Déjà en 1956, Pie XII avait demandé au P. François de Sainte Marie une édition critique des oeuvres de Thérèse, qui ne sera pas publiée avant la mort de Mère Agnès, Pauline, soeur et première éditrice de Thérèse. Celle-ci lui avait donné carte blanche pour revoir un texte qu'elle même n'avait plus la force de réviser, et de le mettre en forme. Grâce à l'oncle Guérin, l' Histoire d'une âme sera publiée en 2000 exemplaires, bientôt rééditée à des millions d'exemplaires: un succès de librairie mondial qui vaudra un flot de courrier continuel au carmel de Lisieux!

Les corrections confiées à Mère Agnès
Mère Agnès avait jugé certains souvenirs comme trop intimes. Elle corrigeait aussi quelques fautes d'orthographe que l'édition critique du centenaire nous restitue par rigueur scientifique. Surtout, elle cherchait à unifier trois manuscrits que Thérèse avait écrits pour des personnes différentes, mère Agnès (A), soeur Marie du Sacré-Coeur (B) et mère Marie de Gonzague (C). L'ensemble était présenté comme écrit à mère Marie de Gonzague, de nouveau supérieure à l'époque.

Il ne faut donc pas faire grief à mère Agnès de son travail d'édition. Il cherchait à satisfaire aux exigences d'un genre littéraire loin de nos «autobiographies» ou «mémoires» modernes, et de rendre cohérent le texte de trois manuscrits cousus ensemble. Elle ne pouvait pas non plus soupçonner le génie de sa soeur, comme le souligne Mgr Guy Gaucher. Le succès inouï du livre suffit à montrer que l'essentiel de la «petite doctrine» était bien «passé»! Des millions de volumes, bientôt en 35 langues! Actuellement, on peut lire les «Manuscrits autobiographiques» en 60 langues. Thérèse entre dans les igloos, les cases et les tentes des nomades, pouvait écrire François de Saint-Marie, mais aussi dans les bibliothèques des théologiens!

Une «ruse du Saint-Esprit»
Le P. Petitot, dominicain, en 1932, le P. Brottier, spiritain, en 1934, et le P. Marie-Eugène de l'Enfant-Jésus en 1947, discernaient déjà la «profondeur incommensurable» de l'oeuvre et de la vie de la sainte, ses «virtualités latentes insoupçonnées», dans tous les domaines, la «gloire des prophètes» qui lui était réservée, son rôle de «conducteur d'âme», universel et pour les temps à venir. Mgr Guy Gaucher cite également le philosophe Emmanuel Mounier qui voyait en Thérèse «une ruse du Saint Esprit»!

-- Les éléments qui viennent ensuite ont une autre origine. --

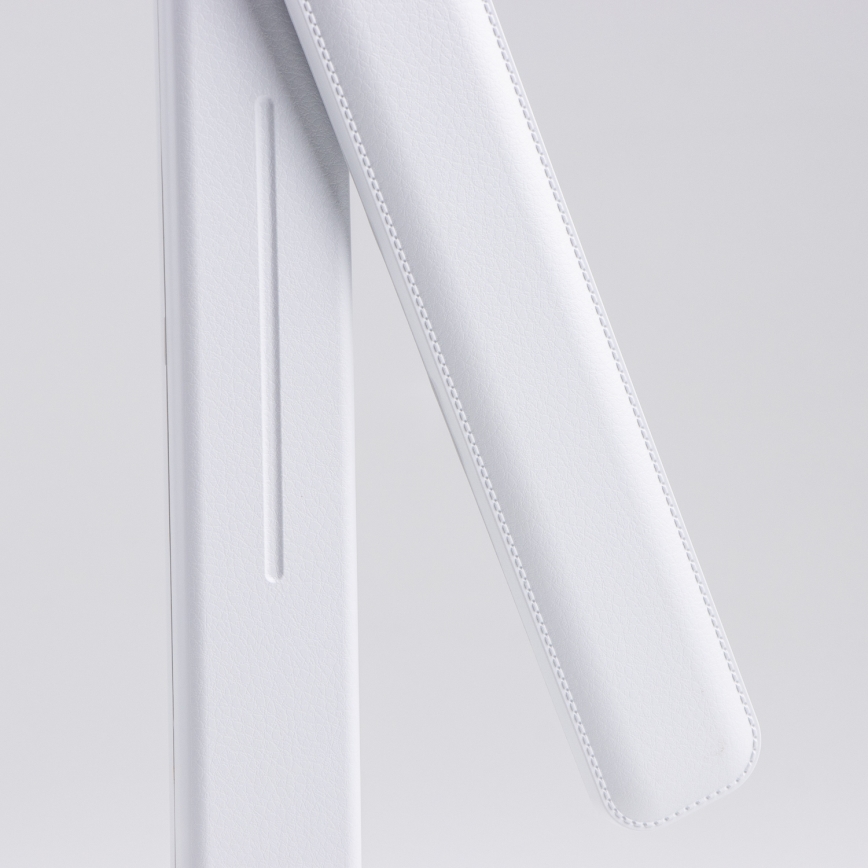 Brilagi - Lampe de table LED à intensité variable MODO LED/7W/230V 3000/4000/6500K blanche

De 1969 à 1992, c'est l'édition intégrale de tous les écrits de Thérèse qui est entreprise. Les trois premiers manuscrits, mais aussi les poésies, les lettres, le théâtre (essentiel pour la «christologie de Thérèse», selon Hans Urs von Balthasar), les prières, et les derniers entretiens, réunis maintenant en un volume de 1600 pages. Le vrai visage de Thérèse, révélé par la publication des photos que sa soeur Céline avait prises au Carmel était éclairé de l'intérieur par ces publications capitales.

Le 33e «docteur»
Pendant ce temps, pour le centenaire de la naissance de Thérèse en 1973, le cardinal Garrone déclarait l'opportunité du doctorat, et en 1981, au nom des évêques de France, le cardinal Etchegaray relançait l'idée. En 1989, Mgr Pican, évêque de Bayeux-Lisieux demandait au P. Guy Gaucher de reprendre le dossier, alors que les Carmes y pensaient aussi. Quelque 50 conférences épiscopales le demandaient au Saint Père, appuyé sur des milliers de demandes de fidèles du monde entier. Une «positio» a été élaborée de façon à ce que les théologiens des Congrégations romaines pour la Cause des saints et pour la Doctrine de la foi se prononcent sur la doctrine de Thérèse et sa portée pour l'Eglise universelle.

Les théologiens et les Congrégations romaines ayant achevé leur travail, Jean-Paul II a proclamé Thérèse docteur de l'Eglise le 19 octobre 1997, Journée mondiale des Missions. Elle est le 33e Docteur de l'Eglise et la 3e femme.